Paul Beston at AmSpec’s blog quotes James Bowman on accusing opponents of being “delusional”:

Generally speaking, the rhetorical resort to the popularized language of psychotherapy should be treated as prima facie evidence of a lack of intellectual seriousness, and that applies in spades to any allegation of psychosis against one’s political enemies.

I think that’s basically right.  So it was funny to see the start of Hewitt’s latest post where he babbles on about his pledge effort and the non-binding resolution against the “surge”: 

The Senate is delusional if it thinks the American people want it to run the war.

Now I don’t suppose we really needed more evidence to question Hewitt’s “intellectual seriousness,” but the time stamps of the two posts made the connection irresistible.

Update: Oh, yes, I almost forgot: in the strange world of Hewitt, even John McCain, who might be called the godfather of the “surge” because of his adamant support for increased numbers of soldiers in Iraq, is no longer pure enough.  He has suggested a resolution that involves benchmarks to measure what success (if any) the “surge” is having.  This is called Congressional oversight.  It makes Hewitt very unhappy.  It supposedly “undercuts” the soldiers now going to Iraq because it, er, wants some standard by which to measure their success.  Clearly, that’s a heinous betrayal by that no-good appeaser (or is it neoappeaser?) McCain.  Here is Hewitt’s take on oversight by the Senate:

To demand more “oversight” two days after confirming the general committed to the new strategy is quite simply political cowardice of the highest order.  They had their “oversight,” and they said yes.  How can any of them send the man off to Iraq and then undercut him before the plane takes off. [sic]  He was clear and forceful.  And they voted yes.
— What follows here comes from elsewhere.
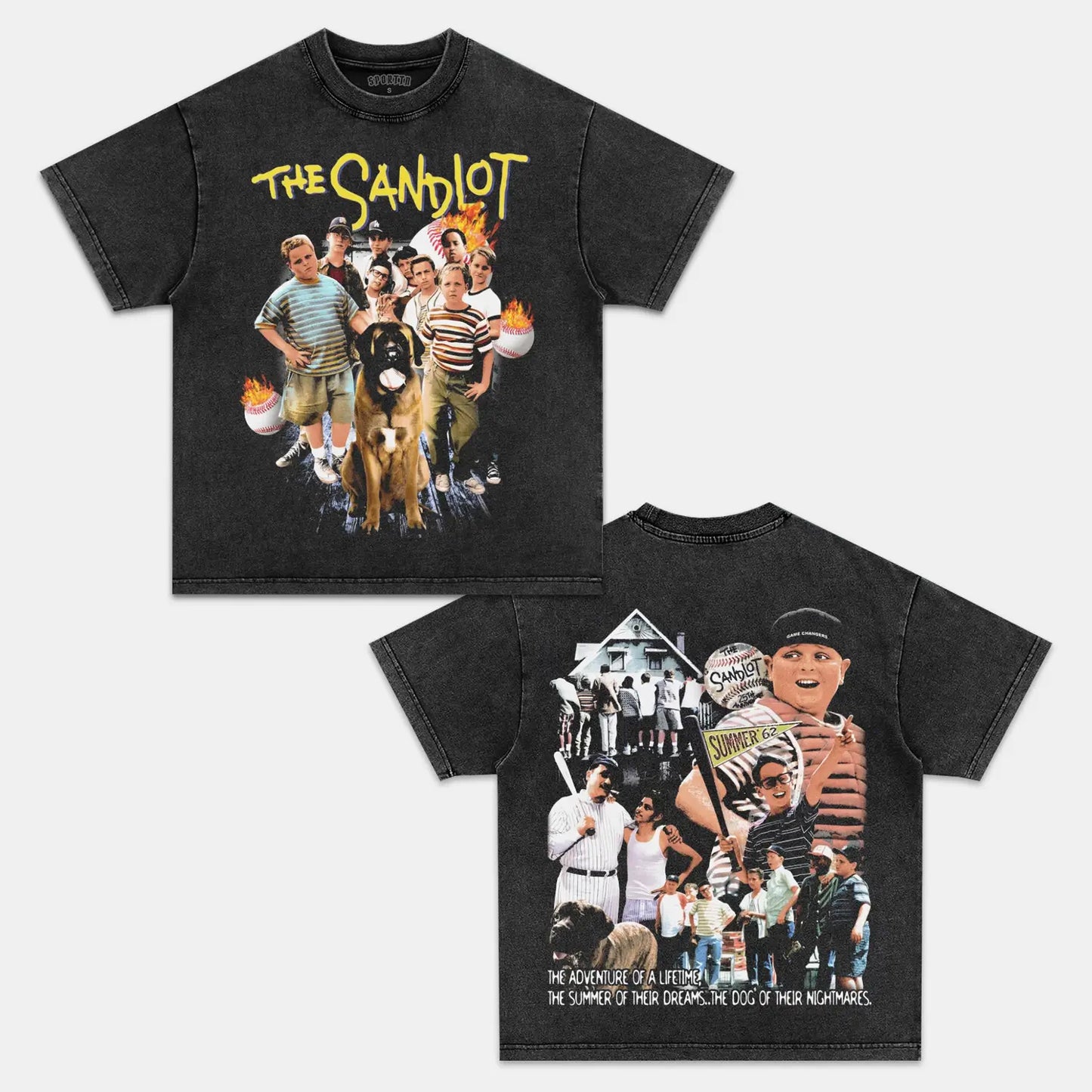 THE SANDLOT TEE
How could we all be so stupid?  Obviously, oversight always stops the minute the vote is finished and…what’s that, you say?  The Senate has a responsibility to engage in oversight on an ongoing basis?  Why would they need to do something like that?  It’s not as if they’re equipped to engage in this so-called ”oversight” with a whole apparatus of committees and…oh, wait.  No, don’t try to confuse me with any of these details–political cowards, every last one of them! 

Actually, that last part is true, but not because they are talking about these resolutions, as Hewitt holds.  Truly serious people on both sides would insist on having up-or-down votes on the meat of the policy that would either fully endorse the White House’s plan or scuttle it.  Maybe someone like a Chuck Hagel would have the courage of his stated convictions and actively work to stop the “surge” all together.  More likely, when the vote really counts, he might just sheepishly line up with his party again, as he did with the authorisation resolution over four years ago.  We are unfortunately left with a parade of clowns who would like nothing so much as to be able to avoid the entire subject.  Because they cannot, they settle for meaningless, non-binding resolutions out of fear of being attacked as “defeatist” and worse if they try to exercise their constitutional powers.  That being said, the clowns are within their rights and have managed to come off looking a good deal more credible than Hewitt and his associates.